What can you do if emotional abuse is suspected?
·         Report suspected or known child abuse or neglect to a child welfare agency or the police
·         Keep informed of resources and materials relating to emotional abuse.
·         Be available to the child.
·         Listen to the child.
·         Believe the child
·         Support the child
·         Tell the child that they are not alone.
·         Let the child know that the emotional abuse is not the child's fault.
·         Be positive, consistent and predictable.

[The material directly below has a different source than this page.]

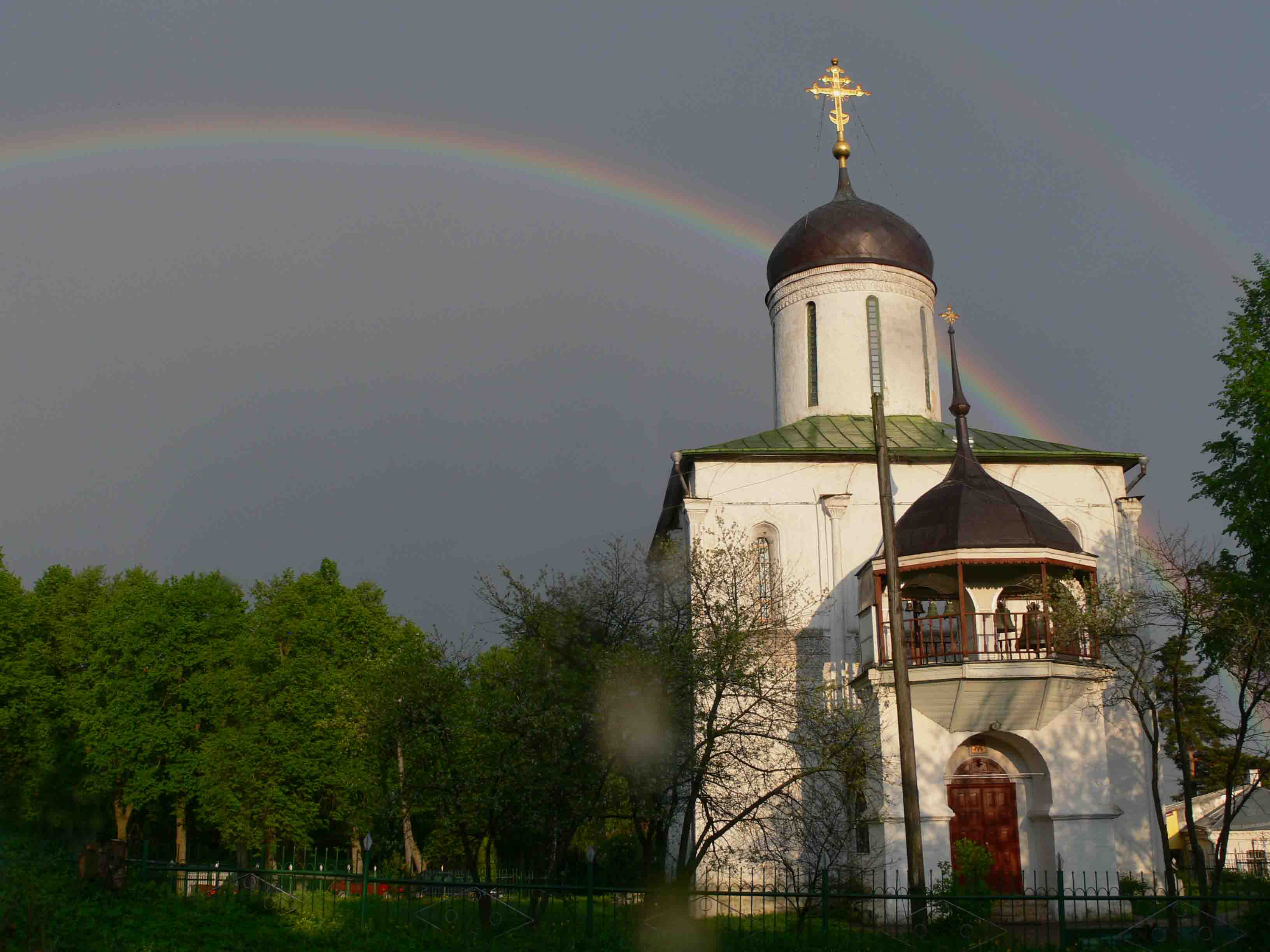 храм на городке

·         Let the person know about available support services

What can you do if your being abused?
·         You might feel trapped, like there’s nowhere to turn and no one you can trust but
o    Remember that you don’t have to handle this alone
·         Not getting the love or care you deserve can change the way you think
o    You do not deserve to feel bad.
·         Nothing that you can do is punishable by abuse. No one ever deserves to be abused
o    It is not your fault;
·         it’s important to tell someone because you need help to make it better
o    Talk to someone about it.
·         Who can you tell?
o    A relative
o    A friend’s parent:
o    A teacher, coach, principal
o    An adult from a church or other place of worship, community centre, or club
·         If someone you tell doesn’t want to get involved, you need to tell someone else. Don’t wait for things to get better on their own.
o     
·         It takes a lot of courage to talk about this, so take your time. Until you are ready to talk stay safe

Remember that children are our most cherished treasure but they are also a treasure that can be changed and molded as a product of their environment. As parents and caregivers we have been given the unimaginable gift of their lives entrusted to our care, but also we also have the enormous responsibility of that care. As in almost every other life form on this planet our offspring need love, nurturing and care to grow and mature into the best that they can be. The power we hold over our young is incredible and we must ensure that our care is positive and promotes growth and well being. As human beings, every experience and thought we have affects our perceptions, our beliefs, our assumptions about the world and creates the person that we are as wells as the pathways we will choose based on those experiences.  Therefore parents and caregivers hold an incredible power that can significantly affect the children we interact with and this is something we must never take for granted or lose sight of.
The gift of life is such a precious thing and we must not allow those lives to grow untended or in negative circumstances.  Please give our children a chance and shower them with love and attention!